As Novac.hr/Filip Pavic writes on the 10th of December, 2018, no, we’re not talking about some dreamlike hotel in the year 2048, but about 2019’s tourist season in the hotel accommodation belonging to the Jadranka Group. This Croatian hotel company, will become the first in Croatia, and in the world, to introduce a special type of ”hotel artificial intelligence” to its accommodation facilities.
“We’ve created a system of artificial intelligence that will give to each guest, in a given moment, taking into account the enormous amount of data, a prediction of the type of content and services the hotel has that they might be interested in,” explained Marko Lukičić, a member of the board of directors of the Jadranka Group, who is also the co-founder of Acquaint, the Croatian company which thought of and then designed this artificial intelligence system, which is solely for hotels.
As has been said, the whole system, which is currently called Amenity Recommender, is fully functional and is currently being tested in five hotels belonging to the Jadranka Group on the island of Lošinj – The Bellevue and the Alhambra, which are both five-star facilities, as well as in Aurora, Vespera, and Punta, each with a four-star rating.

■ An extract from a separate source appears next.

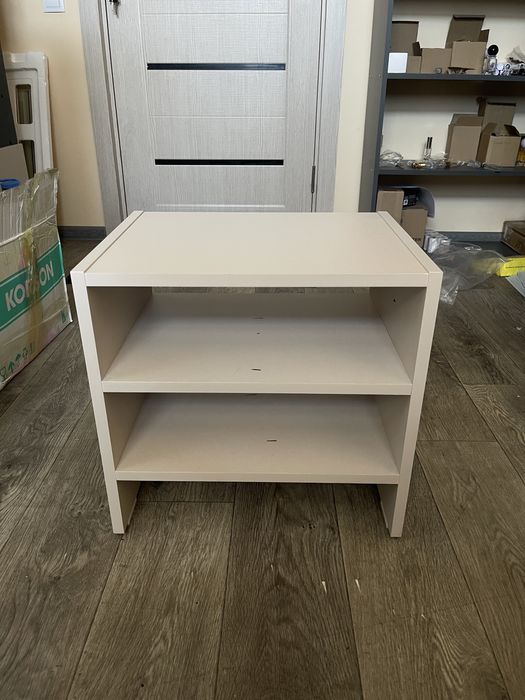 Тумбочка прикроватная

”The plan is to equip the rooms of Hotel Bellevue with Amazon Echo, which are speakers through which the guest can talk to Alexa the virtual assistant, before the next tourist season. She will ”lend” her voice to our artificial intelligence system. We will also connect the system with the hotel TV system and customer relationship management system (CRM) to be able to communicate with the guest across all channels,” Lukičić added.

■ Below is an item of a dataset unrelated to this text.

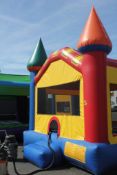 13' x 13' bounce house inflatable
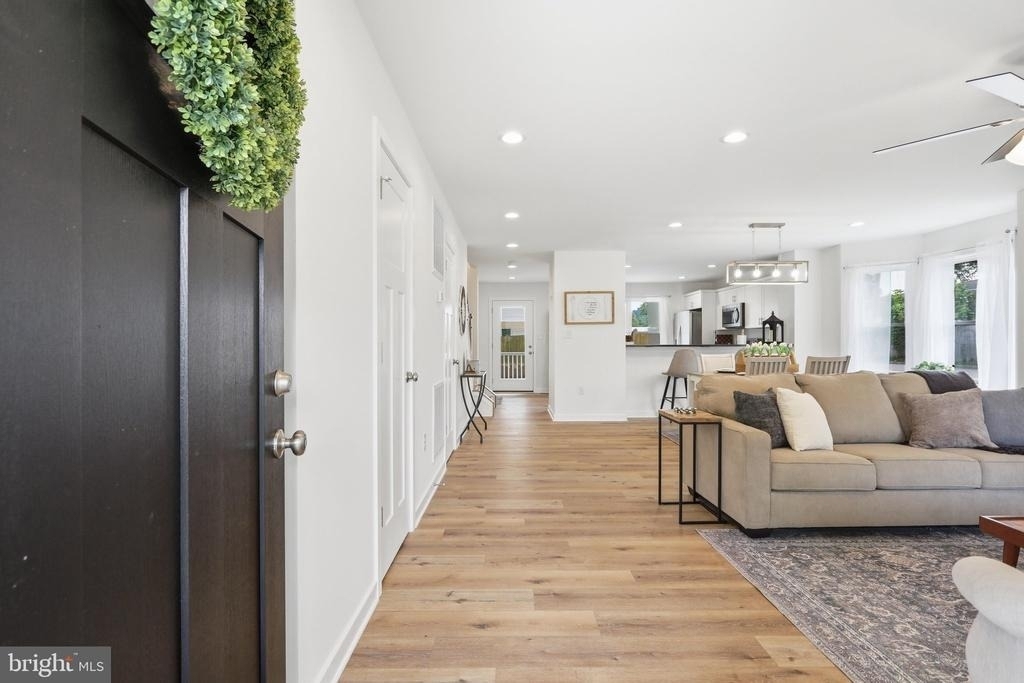 242 Blue Ridge Avenue - Photo 4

Namely, this hotel artificial intelligence system will be a kind of virtual consultant and tourist guide that will try to predict what the guest wants to see and experience while on holiday. Excursions, restaurants, museums, wellness, diving courses, massages, yacht rentals, etc.
The ”virtual receptionist” will choose three specific recommendations for the guest among the 750 available services, taking into account enormous amounts of available data. Among other things, the age, sex, country of origin of the guest, as well as who they’re with on holiday, the room in which they’re staying and the which period in which it is will be taken into account to provide the best recommendations. As extensive as that is, that is not all. The system will also ”keep its eye” on the weather and change the offers recommended should the weather take an unfavourable turn.
”It’s important to emphasise the fact that this artificial intelligence deals with anonymous guest information and based on this data, it is not possible to detect the guests’ identity. It doesn’t accumulate data, it simply processes it,” explained Lukičić, noting that the rules of the Personal Data Protection Act (GDPR) will be absolutely respected.
The constant advancing of technology has been bringing in the question of just what will happen to staff, human staff, that is, who used to be the ones to perform such tasks. Will they be replaced by artificial intelligence? No, says Lukičić, stating that the intentions behind this innovative invention were never to remove the need for a human touch in this industry.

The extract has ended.